### Data
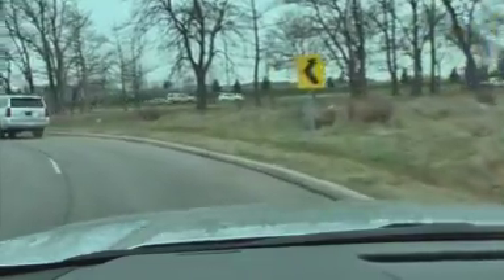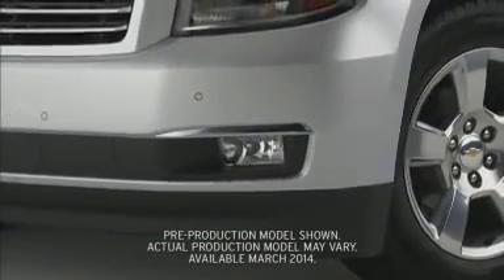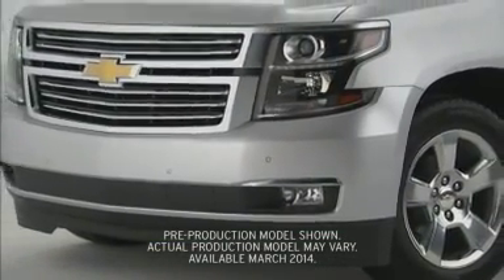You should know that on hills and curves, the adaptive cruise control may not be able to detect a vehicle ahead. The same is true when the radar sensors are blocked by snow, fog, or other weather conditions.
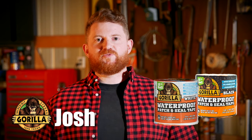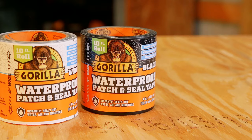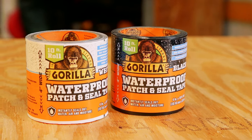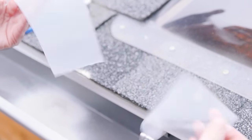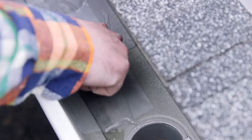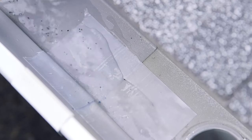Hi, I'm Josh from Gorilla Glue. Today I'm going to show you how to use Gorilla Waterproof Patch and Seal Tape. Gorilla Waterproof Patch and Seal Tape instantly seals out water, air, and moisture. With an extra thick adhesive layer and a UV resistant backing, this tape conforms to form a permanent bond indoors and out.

* * *

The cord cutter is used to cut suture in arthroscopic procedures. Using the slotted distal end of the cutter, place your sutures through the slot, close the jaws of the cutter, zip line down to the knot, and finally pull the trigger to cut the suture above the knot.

---

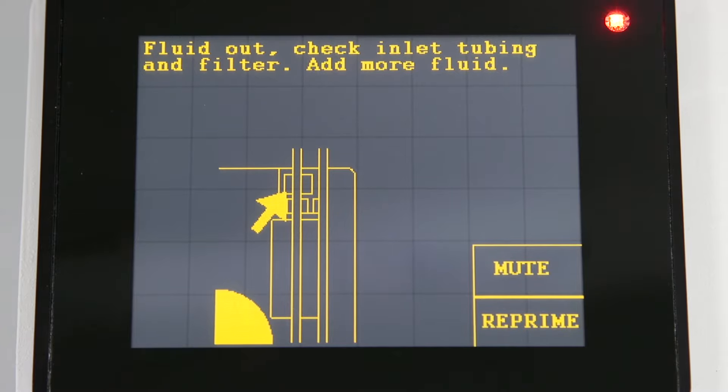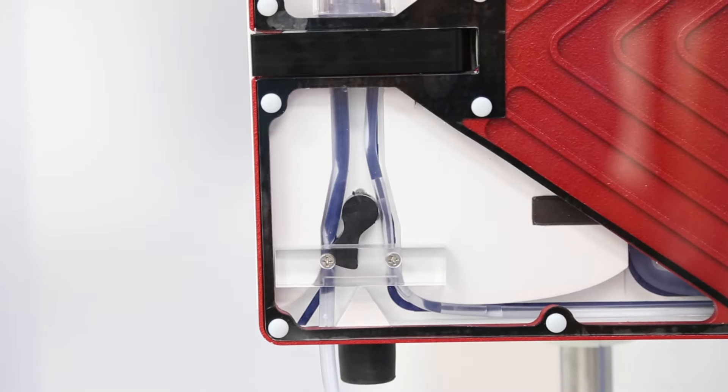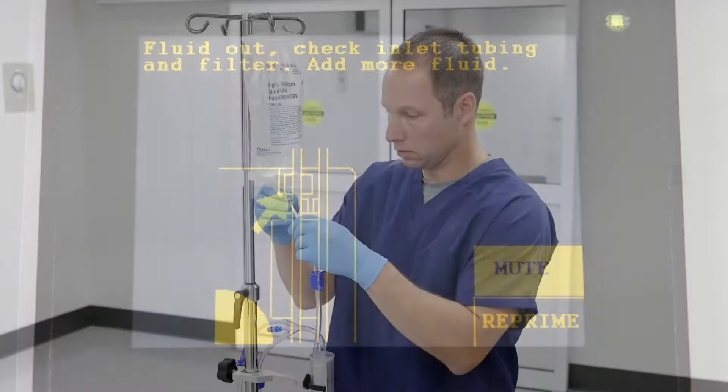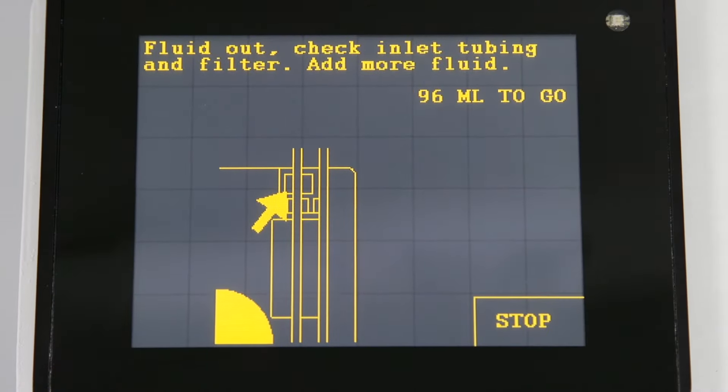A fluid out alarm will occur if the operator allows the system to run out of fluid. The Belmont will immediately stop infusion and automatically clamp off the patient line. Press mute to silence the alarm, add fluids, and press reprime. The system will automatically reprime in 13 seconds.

### What you should do
Go back to the listing above and reproduce, exactly, the stretch from the line bearing "You should know" through the line bearing "Hi, I'm Josh", without its pictures.

### Reply
You should know that on hills and curves, the adaptive cruise control may not be able to detect a vehicle ahead. The same is true when the radar sensors are blocked by snow, fog, or other weather conditions.
Hi, I'm Josh from Gorilla Glue. Today I'm going to show you how to use Gorilla Waterproof Patch and Seal Tape. Gorilla Waterproof Patch and Seal Tape instantly seals out water, air, and moisture. With an extra thick adhesive layer and a UV resistant backing, this tape conforms to form a permanent bond indoors and out.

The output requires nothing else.